Holly Conrad, the designer, probably could've carried a documentary all by herself. You've probably already seen her Commander Shepard costume floating around the Internet, and it is pretty amazing:
But seeing it in motion is a whole different effect, especially in how she's able to perfectly copy the stiff movements Shepard displays in the game, and the electronics that make the Grunt costume so fantastic. We also get to see some backstory that adds a whole other layer to it, as she and her team create the costumes in her garage in order to escape from what she describes as an unpleasant town "where people stop to go to the bathroom on their way to go skiing" and "the meth capital of the world."
It's extremely compelling, and even though Spurlock does his level best to ratchet up the tension by cutting back and forth between the other entrants of the masquerade and Conrad's team trying to get the costumes working right after some last minute technical difficulties, her story doesn't need it. The buildup to the one shining moment on the stage is enough. It perfectly encapsulates what I feel like Comic-Con means to a lot of people.
Plus, she has "GARRUS + SHEPARD" spraypainted in a heart in her garage, and that's pretty fantastic.
The retailer, Mile High Comics CEO and President Chuck Rozanski, is an interesting subject as well, although I wasn't initially all that excited to see him being featured. To be honest, it's really tough to believe the narrative that Spurlock is creating about him as a retailer hoping to make one big score by selling an extremely valuable Golden Age book at the con. Rozanski is, after all, a fixture of the comics retail community, and it's really difficult to buy hope or desperation from a guy that's had that much success, especially when he's introduced by talking about how successful Mile High Comics has been.
On the surface, there's just not much to his arc: Guy who sells comics wants to sell a comic, but then -- spoiler alert! -- he doesn't sell the one he wanted to sell, because maybe he didn't want to sell it after all? But while it might not be much of a story, Rozanski is still absolutely fantastic to watch.
He has what are unquestionably the best quotes in the movie. As someone who's been there since the beginning, who has watched the slow takeover of Comic-Con by movies and TV -- turning it into what Marc Guggenheim calls "the world's largest focus group" -- he's in a perfect position to be the guy who voices those frustrations, and somehow manages to do it without coming off as an old grump:
"We can't use the loading docks anymore because LucasFilm owns the loading docks.

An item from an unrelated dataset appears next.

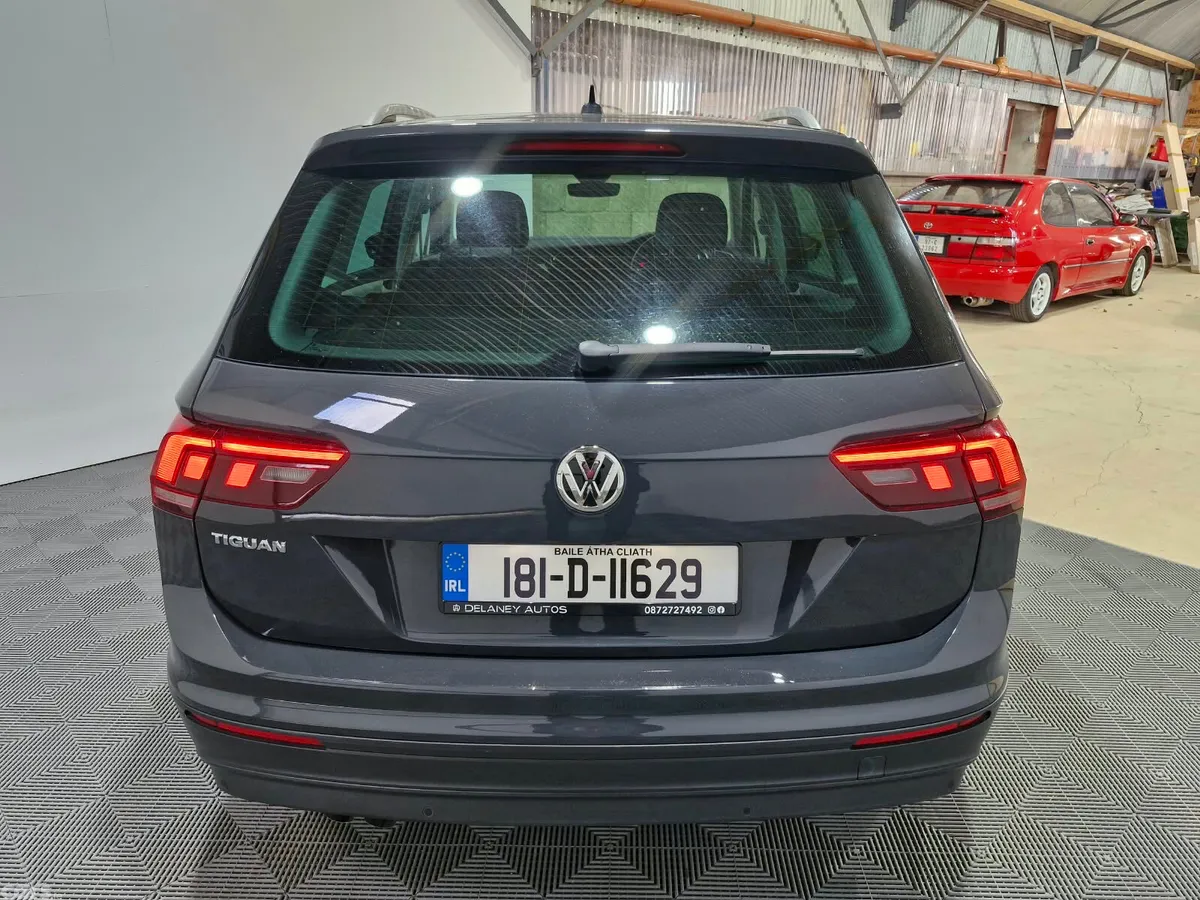 Volkswagen Tiguan SUV, Diesel, 2018, Grey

That kinda pisses you off because... It's our house!"
And he also has a pretty amazing take on relationships, delivered during a conversation about -- no kidding -- Nicolas Cage:
"When a woman tells you to grow up, that's God's way of telling you to get a new woman. Especially if she tells you to get rid of your comics. There's three billion women on the planet, not a lot of great comics."
If Mile High really wants to make a big score, they will put that quote on t-shirts toute de suite.

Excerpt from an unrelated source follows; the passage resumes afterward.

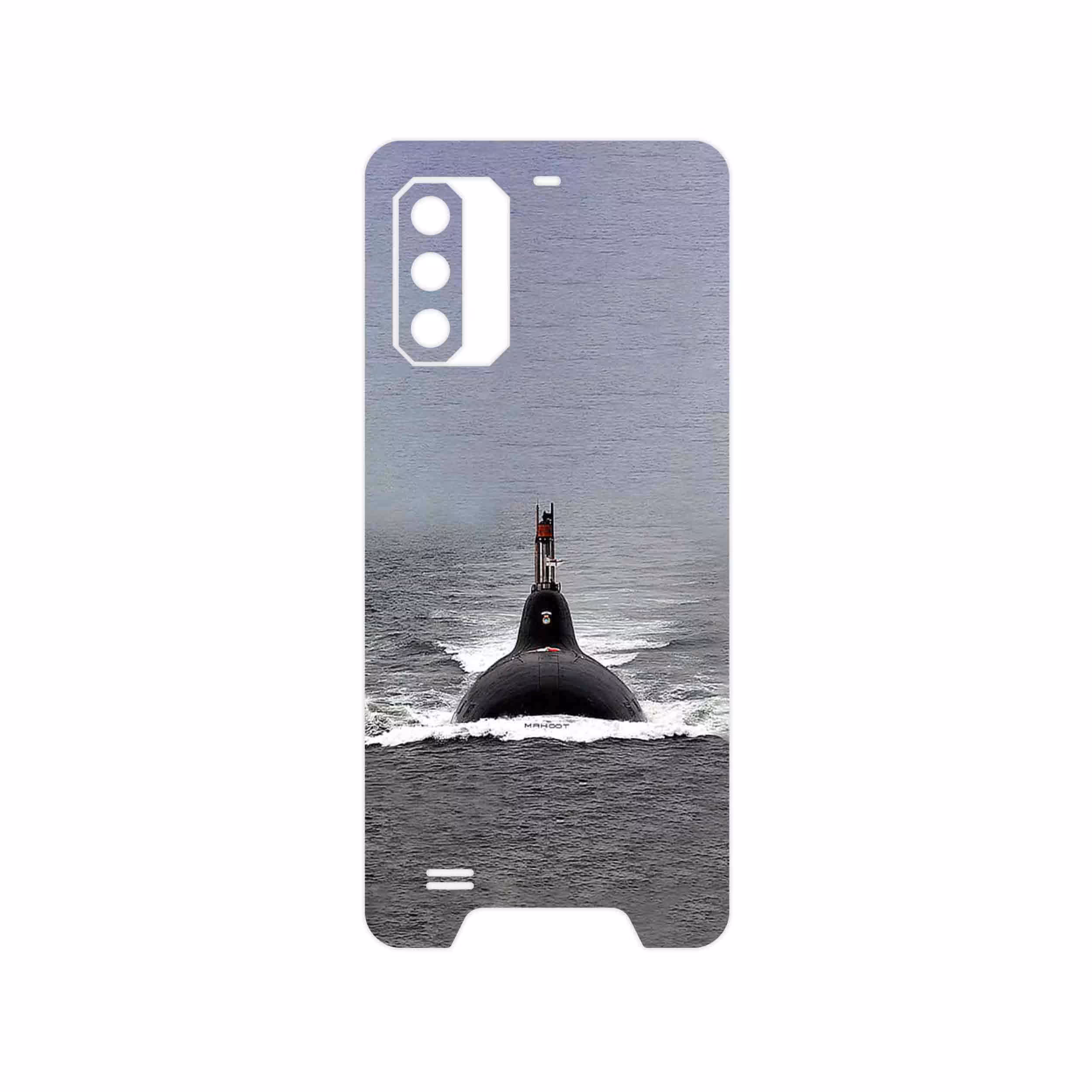 برچسب پوششی ماهوت مدل Submarine مناسب برای گوشی موبایل یولفون Armor 7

In the end, Comic-Con has a lot to offer. It's not a typical look at the convention experience, but I don't think it should be, either. It sets these interesting stories of interesting people -- and one dude who wants a Galactus figure -- against a background that's inherently fascinating, and in the process, it provides a look at the show that's new and interesting, even to someone who was there the entire time.